I hope it is clear which algorithms I mean with p1 and p4.

I note that I get an error for the line which should save the pn

Main> savefig("julia_vs_r_sortandperm_integer.png")
ERROR: png output from the plotly backend is not supported.  Please use plotlyjs instead.

sorting_pic

You gotta run gr() use another backend.

1 Like

Thank you. Interestingly I had to Pkg.add("GR") which makes me wonder whether that package should be in any of the REQUIRE files. Admittedly I have absolutley no knowledge about Plots and so on.

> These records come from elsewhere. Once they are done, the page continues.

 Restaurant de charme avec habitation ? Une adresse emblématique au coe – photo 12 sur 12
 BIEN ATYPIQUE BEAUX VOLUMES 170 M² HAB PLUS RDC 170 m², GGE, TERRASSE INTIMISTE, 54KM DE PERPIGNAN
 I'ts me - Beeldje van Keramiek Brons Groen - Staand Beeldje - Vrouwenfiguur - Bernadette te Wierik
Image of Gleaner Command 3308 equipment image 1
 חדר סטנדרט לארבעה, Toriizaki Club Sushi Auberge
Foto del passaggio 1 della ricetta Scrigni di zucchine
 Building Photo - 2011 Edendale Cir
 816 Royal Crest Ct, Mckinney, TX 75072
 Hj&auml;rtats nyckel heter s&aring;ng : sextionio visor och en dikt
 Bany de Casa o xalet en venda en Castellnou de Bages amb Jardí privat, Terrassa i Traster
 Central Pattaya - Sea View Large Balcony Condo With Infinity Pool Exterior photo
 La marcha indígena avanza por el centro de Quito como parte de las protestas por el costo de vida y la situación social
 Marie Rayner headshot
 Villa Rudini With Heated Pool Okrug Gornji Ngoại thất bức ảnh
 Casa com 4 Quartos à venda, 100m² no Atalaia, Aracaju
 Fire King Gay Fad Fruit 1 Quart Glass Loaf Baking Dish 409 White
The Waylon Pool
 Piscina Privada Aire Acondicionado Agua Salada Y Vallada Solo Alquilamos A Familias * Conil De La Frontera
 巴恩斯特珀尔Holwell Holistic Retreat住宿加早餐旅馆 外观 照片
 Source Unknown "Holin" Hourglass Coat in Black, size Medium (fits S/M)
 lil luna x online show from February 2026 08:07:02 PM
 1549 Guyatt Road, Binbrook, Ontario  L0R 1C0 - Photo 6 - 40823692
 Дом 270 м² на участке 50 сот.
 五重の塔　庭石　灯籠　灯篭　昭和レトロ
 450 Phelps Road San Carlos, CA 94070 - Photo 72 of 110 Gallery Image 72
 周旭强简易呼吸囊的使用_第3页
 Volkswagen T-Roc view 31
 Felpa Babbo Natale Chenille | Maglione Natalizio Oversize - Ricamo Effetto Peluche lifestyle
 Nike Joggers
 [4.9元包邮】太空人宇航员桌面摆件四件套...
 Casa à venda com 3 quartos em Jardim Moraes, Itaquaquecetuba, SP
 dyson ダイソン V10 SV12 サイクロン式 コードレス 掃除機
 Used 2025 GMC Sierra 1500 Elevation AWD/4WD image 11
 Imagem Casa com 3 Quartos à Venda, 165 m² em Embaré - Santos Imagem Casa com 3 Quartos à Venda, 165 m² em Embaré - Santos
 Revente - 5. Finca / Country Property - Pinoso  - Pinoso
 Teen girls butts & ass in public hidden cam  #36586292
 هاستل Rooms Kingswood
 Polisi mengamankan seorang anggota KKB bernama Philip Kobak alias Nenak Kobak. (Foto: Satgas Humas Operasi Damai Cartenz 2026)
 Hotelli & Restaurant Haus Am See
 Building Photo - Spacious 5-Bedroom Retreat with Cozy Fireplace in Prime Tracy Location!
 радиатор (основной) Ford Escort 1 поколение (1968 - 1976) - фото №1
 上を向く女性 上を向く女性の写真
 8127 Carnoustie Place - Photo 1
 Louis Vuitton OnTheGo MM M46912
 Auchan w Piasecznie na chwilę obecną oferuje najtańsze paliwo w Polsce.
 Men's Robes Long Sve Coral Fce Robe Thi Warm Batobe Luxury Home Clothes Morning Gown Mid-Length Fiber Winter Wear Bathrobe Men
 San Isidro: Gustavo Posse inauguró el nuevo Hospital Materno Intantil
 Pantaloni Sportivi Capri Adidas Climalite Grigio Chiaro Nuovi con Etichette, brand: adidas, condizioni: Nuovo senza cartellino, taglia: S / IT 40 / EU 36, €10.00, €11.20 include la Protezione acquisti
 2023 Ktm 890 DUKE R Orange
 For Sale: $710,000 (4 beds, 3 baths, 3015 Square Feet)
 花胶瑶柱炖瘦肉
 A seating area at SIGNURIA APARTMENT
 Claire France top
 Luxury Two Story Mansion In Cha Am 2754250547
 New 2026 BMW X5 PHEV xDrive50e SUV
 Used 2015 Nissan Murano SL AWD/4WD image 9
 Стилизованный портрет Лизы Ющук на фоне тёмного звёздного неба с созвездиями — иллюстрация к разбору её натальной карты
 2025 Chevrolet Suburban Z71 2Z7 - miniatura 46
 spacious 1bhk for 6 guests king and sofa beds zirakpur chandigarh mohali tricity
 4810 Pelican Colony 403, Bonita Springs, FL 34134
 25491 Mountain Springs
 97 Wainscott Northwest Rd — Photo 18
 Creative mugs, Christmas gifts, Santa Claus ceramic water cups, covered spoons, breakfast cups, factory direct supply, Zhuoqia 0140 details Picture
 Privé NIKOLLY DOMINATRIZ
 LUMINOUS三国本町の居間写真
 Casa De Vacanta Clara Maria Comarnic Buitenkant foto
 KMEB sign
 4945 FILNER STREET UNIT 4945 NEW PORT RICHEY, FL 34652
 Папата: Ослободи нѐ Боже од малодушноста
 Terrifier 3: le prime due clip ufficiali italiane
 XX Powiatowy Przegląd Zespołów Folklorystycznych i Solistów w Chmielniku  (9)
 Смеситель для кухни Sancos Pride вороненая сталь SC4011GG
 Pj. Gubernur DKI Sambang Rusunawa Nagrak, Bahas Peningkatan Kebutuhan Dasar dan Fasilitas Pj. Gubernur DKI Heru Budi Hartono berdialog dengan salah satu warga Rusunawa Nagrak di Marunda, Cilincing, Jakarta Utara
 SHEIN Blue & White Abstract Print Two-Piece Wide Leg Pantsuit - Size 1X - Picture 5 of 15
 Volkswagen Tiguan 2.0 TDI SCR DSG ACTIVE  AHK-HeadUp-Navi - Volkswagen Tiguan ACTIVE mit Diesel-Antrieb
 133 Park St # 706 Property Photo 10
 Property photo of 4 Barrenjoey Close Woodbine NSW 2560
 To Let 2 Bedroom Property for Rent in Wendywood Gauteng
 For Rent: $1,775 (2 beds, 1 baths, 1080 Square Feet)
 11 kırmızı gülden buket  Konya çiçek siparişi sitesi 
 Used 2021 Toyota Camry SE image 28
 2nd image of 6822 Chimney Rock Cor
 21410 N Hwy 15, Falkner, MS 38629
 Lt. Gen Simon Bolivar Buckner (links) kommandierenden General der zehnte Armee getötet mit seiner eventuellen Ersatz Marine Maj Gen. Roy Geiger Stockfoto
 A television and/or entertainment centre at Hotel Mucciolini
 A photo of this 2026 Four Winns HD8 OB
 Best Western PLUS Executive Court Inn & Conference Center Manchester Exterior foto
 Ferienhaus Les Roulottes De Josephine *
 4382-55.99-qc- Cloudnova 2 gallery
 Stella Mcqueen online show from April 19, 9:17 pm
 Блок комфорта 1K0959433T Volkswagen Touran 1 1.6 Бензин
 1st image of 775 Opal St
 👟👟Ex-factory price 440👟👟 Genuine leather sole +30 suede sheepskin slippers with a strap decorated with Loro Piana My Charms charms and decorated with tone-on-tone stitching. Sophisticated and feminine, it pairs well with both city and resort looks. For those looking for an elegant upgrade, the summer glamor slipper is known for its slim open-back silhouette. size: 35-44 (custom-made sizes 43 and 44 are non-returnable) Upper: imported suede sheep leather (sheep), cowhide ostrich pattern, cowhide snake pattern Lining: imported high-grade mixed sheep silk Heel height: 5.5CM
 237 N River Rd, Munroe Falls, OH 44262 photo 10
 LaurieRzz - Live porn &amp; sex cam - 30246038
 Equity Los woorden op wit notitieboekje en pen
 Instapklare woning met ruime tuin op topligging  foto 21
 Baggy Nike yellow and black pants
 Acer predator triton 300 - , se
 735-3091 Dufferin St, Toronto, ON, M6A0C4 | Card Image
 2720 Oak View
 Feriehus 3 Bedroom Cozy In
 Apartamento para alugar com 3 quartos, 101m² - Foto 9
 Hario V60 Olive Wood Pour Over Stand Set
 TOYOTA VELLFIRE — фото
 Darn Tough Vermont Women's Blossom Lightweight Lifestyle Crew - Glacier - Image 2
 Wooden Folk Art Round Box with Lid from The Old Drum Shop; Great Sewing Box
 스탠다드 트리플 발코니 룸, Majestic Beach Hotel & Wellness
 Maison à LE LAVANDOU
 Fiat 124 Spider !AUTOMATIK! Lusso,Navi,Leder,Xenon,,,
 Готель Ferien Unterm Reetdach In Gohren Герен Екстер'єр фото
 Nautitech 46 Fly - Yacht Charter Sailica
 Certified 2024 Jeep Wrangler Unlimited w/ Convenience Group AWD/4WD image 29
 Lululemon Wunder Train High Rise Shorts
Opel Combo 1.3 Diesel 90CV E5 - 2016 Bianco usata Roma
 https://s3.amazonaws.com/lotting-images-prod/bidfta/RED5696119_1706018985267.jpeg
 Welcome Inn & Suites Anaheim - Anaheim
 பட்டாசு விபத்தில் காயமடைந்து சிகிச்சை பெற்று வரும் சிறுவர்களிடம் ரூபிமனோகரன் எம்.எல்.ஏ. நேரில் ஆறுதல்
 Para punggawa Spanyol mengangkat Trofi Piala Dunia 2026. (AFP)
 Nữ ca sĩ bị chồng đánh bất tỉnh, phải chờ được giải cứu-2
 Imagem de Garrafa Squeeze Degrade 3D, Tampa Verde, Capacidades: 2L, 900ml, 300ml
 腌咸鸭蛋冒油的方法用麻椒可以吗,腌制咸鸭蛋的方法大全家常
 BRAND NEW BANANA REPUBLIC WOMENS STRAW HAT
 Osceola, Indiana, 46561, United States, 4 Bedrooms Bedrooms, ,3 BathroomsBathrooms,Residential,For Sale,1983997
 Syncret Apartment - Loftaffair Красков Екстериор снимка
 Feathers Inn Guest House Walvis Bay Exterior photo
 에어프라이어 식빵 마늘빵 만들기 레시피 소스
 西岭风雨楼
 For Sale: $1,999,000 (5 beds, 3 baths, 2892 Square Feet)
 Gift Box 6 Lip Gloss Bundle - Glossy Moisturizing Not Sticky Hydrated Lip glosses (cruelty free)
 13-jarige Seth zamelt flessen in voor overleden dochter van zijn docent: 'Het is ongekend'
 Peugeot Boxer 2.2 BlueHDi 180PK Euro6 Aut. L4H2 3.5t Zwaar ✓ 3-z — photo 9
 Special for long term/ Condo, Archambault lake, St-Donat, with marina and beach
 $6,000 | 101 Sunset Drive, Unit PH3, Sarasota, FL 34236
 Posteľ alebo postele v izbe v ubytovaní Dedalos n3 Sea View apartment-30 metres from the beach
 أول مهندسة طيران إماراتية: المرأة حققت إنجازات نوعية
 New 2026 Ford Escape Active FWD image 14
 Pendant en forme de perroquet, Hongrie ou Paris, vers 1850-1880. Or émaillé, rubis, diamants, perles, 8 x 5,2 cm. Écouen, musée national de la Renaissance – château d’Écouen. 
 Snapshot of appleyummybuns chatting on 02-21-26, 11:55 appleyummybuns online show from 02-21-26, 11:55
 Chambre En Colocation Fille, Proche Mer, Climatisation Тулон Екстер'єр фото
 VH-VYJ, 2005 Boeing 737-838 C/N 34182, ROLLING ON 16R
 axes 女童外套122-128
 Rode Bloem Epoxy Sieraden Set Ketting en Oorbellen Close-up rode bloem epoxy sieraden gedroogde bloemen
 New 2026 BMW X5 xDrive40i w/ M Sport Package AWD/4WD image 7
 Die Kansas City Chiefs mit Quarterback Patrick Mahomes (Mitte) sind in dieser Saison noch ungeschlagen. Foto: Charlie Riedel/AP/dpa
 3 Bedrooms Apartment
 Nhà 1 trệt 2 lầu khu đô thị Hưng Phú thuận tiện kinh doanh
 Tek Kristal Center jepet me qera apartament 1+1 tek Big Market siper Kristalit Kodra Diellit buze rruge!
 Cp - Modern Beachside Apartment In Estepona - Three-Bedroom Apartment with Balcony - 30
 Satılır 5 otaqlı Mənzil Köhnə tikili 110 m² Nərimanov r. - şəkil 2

It’d probably be a little much to have every backend as a dependency, so I think it normally installs plotly by default, and lets you install any other back ends you would like to use.

@Ralph_Smith and @foobar_lv2 The algorithms you helped write there will not only help sortperm for small integer ranges but also sortperm for any integer range. Is it ok if I incorporate your code into SortingLab.jl and then find a way to contribute them back to Base and/or SortingAlgorithms.jl?

I have done a lot of testing and have read into What every programmer should know about memory?. In particular, this quote from the paper made me realize how important understanding cache is

A simple computation can show how effective caches can theoretically be. Assume access to main memory takes 200 cycles and access to the cache memory take 15 cycles. Then code using 100 data elements 100 times each will spend 2,000,000 cycles on memory operations if there is no cache and only 168,500 cycles if all data can be cached. That is an improvement of 91.5%.

This is quite new to me and I assume to many other Julia programmers as well. Basically, the performance of counting sort beats radix sort up to around 2^11 = 2048 unique values. In counting sort, the size of the counting array is # unqiues * sizeof(UInt32) which is around 8192, so it’s getting close to maxing out the L1d-cache on most PCs. So perhaps @nalimilan’s point about the slowness of counting is “obvious” once you understand the importance of cache but not to beginners like me.

code

function counting_vs_radix(n)
    a = rand(1:n, 100_000_000)
    (@belapsed(sortperm_int_range2($a, $n, 1)), @belapsed(sortperm_int_range_p1($a, $n, 1, 10)))
end

tic()
res = [counting_vs_radix(n) for n in 2.^(2:20)]
toc()

using Plots
plot([r[1] for r in res], title="Counting-sortperm vs Radix-sortperm (# of elements = 100m)", label = "Counting-sortperm",
    ylabel = "seconds", xlabel = "log_2(n) unique values", ylim = (0, 15))
plot!([r[2] for r in res], label = "Radix-sortperm")
plot!(xticks = (2:20))
savefig("Counting-sortperm vs Radix-sortperm ( of elements = 100m).png")
3 Likes

Please do. I can think of at least one elaboration which I could propose as a PR.

Don’t ask me, Ralph_Smith did the work. (so this means “yes”, of course it is OK as far as I’m concerned, but I literally added two @inbounds to Ralph_Smith’s cool thing and don’t deserve credit here)

Minor elaborations if you put this somewhere for general consumption: cbin = cumsum(bin[:,j]): The cbin can be re-used for all radices; the cumsum wants to be done via a view on 0.7 and by hand on 0.6.

actually you dont need cbin just reuse bin